Provided records —
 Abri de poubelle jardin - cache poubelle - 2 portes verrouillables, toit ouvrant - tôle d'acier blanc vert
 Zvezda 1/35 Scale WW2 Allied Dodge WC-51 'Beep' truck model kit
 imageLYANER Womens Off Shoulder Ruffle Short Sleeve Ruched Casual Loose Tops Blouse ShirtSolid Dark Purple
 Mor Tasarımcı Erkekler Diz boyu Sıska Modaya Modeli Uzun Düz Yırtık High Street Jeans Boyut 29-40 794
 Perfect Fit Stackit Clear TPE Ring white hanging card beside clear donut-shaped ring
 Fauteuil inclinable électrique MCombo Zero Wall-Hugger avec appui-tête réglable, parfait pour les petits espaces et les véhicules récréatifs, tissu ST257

---

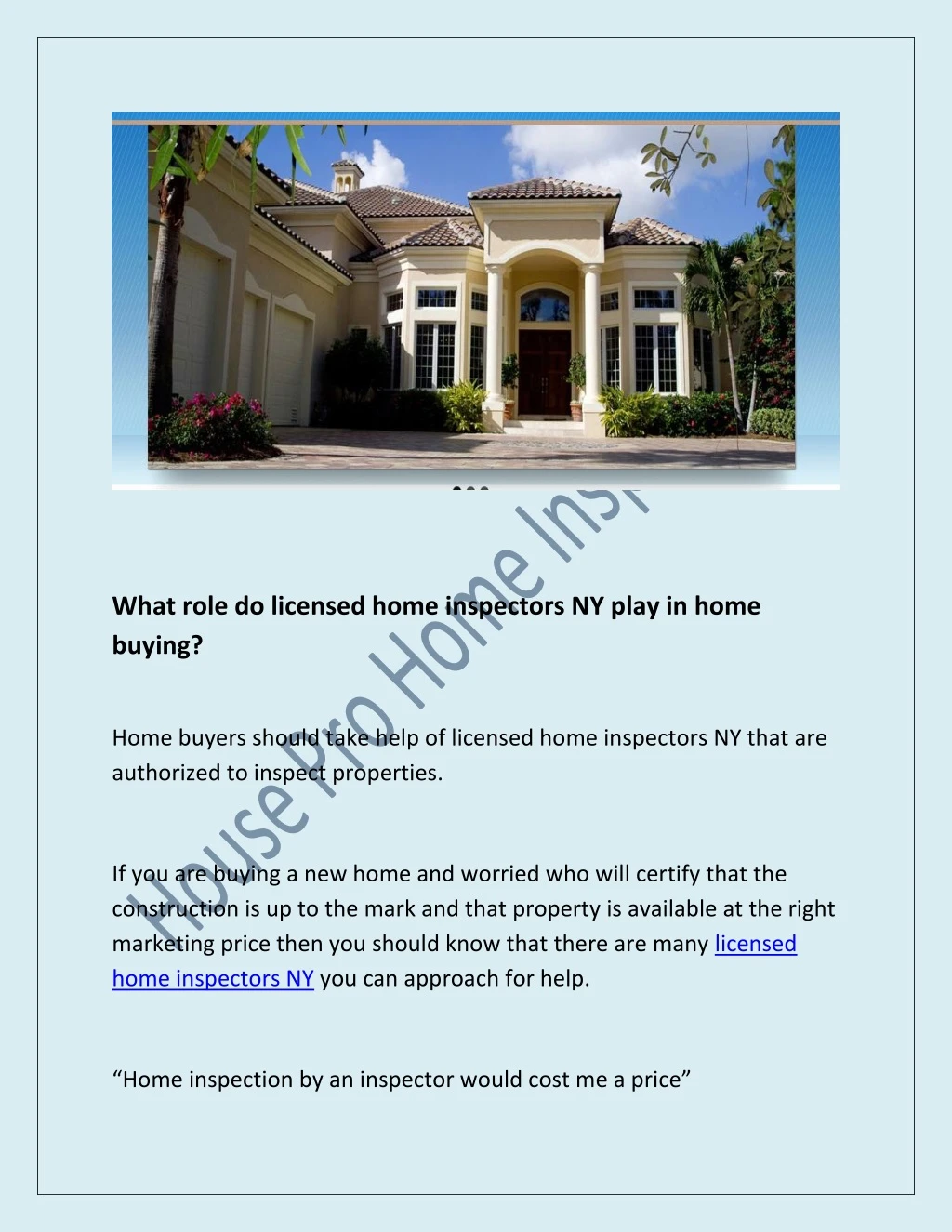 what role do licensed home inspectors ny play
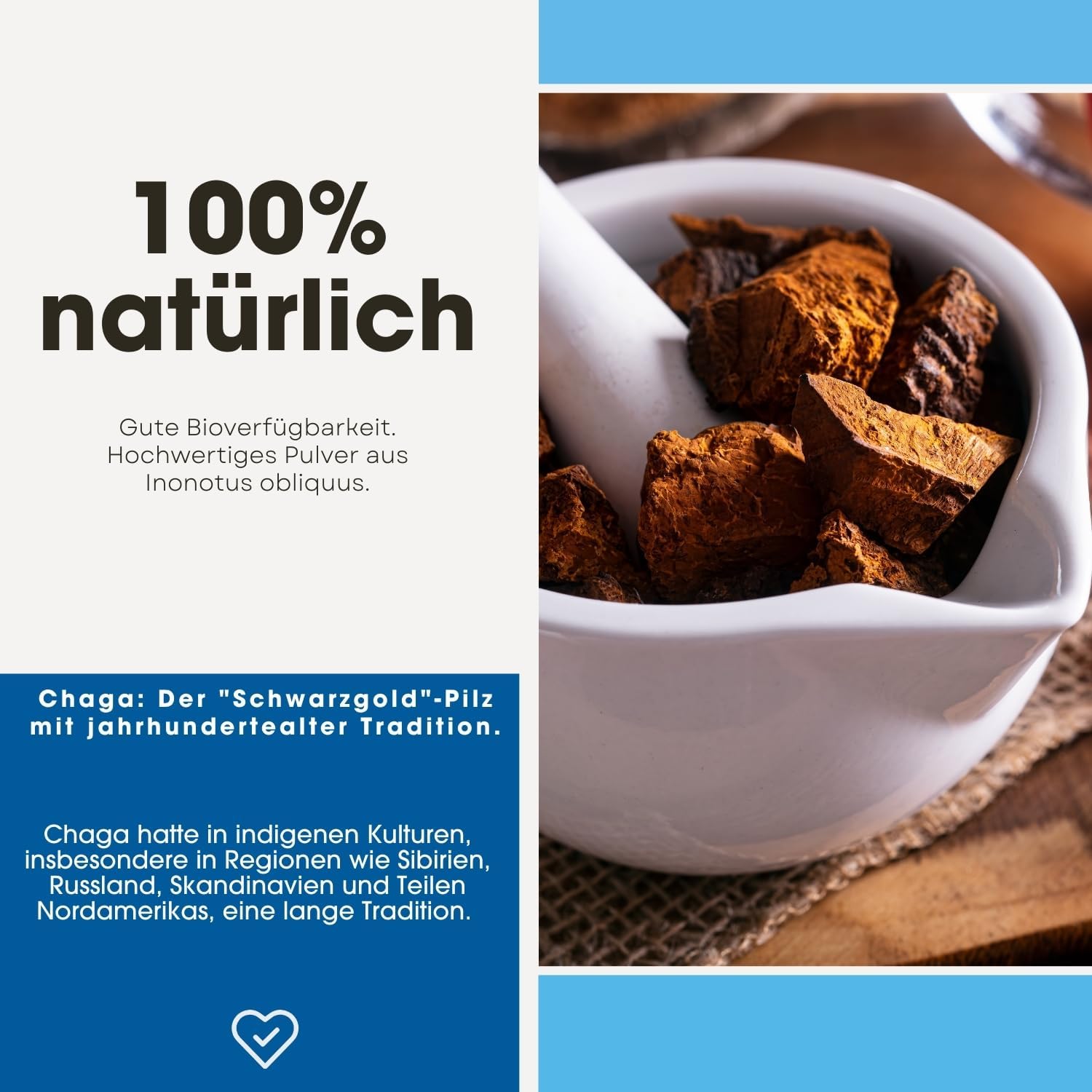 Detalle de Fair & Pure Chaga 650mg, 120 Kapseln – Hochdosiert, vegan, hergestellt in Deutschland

Work task —
From the records above, transcribe without alteration every line from the one with "Zvezda 1/35 Scale" to the one with "Fauteuil inclinable électrique", inclusive.

Answer below —
 Zvezda 1/35 Scale WW2 Allied Dodge WC-51 'Beep' truck model kit
 imageLYANER Womens Off Shoulder Ruffle Short Sleeve Ruched Casual Loose Tops Blouse ShirtSolid Dark Purple
 Mor Tasarımcı Erkekler Diz boyu Sıska Modaya Modeli Uzun Düz Yırtık High Street Jeans Boyut 29-40 794
 Perfect Fit Stackit Clear TPE Ring white hanging card beside clear donut-shaped ring
 Fauteuil inclinable électrique MCombo Zero Wall-Hugger avec appui-tête réglable, parfait pour les petits espaces et les véhicules récréatifs, tissu ST257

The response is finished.